§ What the task requires: Your copy should run exactly from the line containing "Man with glasses" to the last line of the entries below, and it should include no pictures.

····················

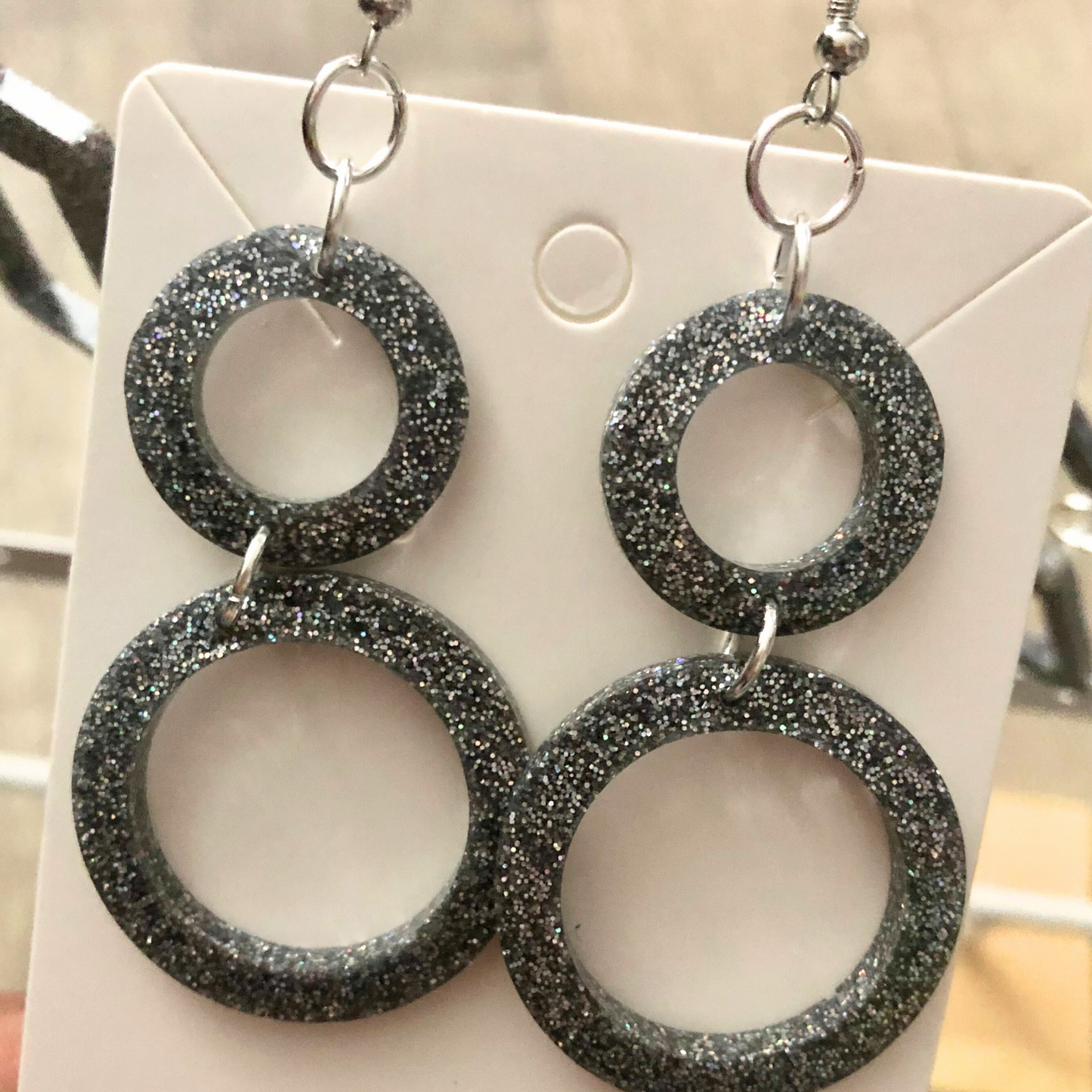 Silver glitter dangling earrings handmade with clear resin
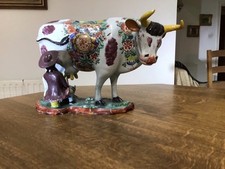 A Dutch Polychrome Delft  18th Century Cow and Milking Group.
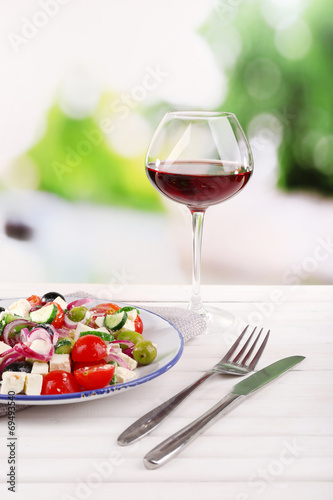 Greek salad served in plate with glass of wine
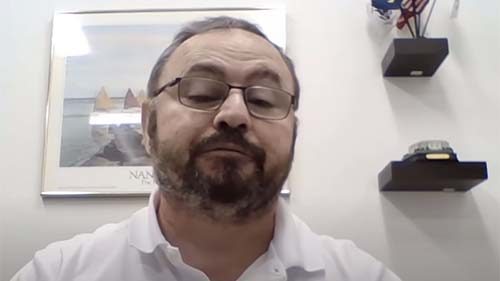 Man with glasses in an office setting, promoting AIIT.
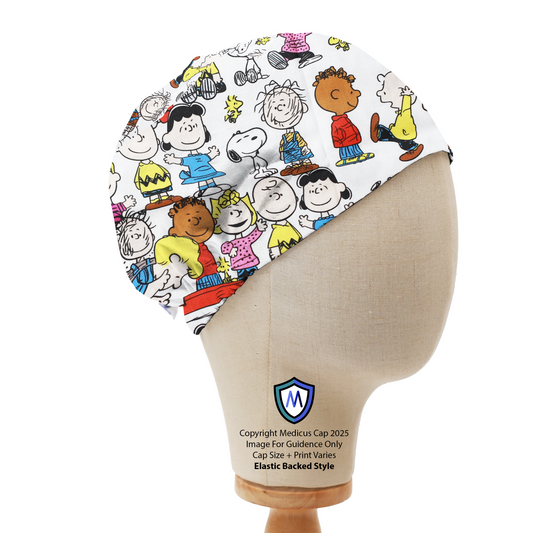 Mannequin head wearing a Medicus Scrub Cap with Charlie Brown, Snoopy, and Peanuts characters on a white background. Elastic-backed style.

····················

§ Finished exercise:
 Man with glasses in an office setting, promoting AIIT.
 Mannequin head wearing a Medicus Scrub Cap with Charlie Brown, Snoopy, and Peanuts characters on a white background. Elastic-backed style.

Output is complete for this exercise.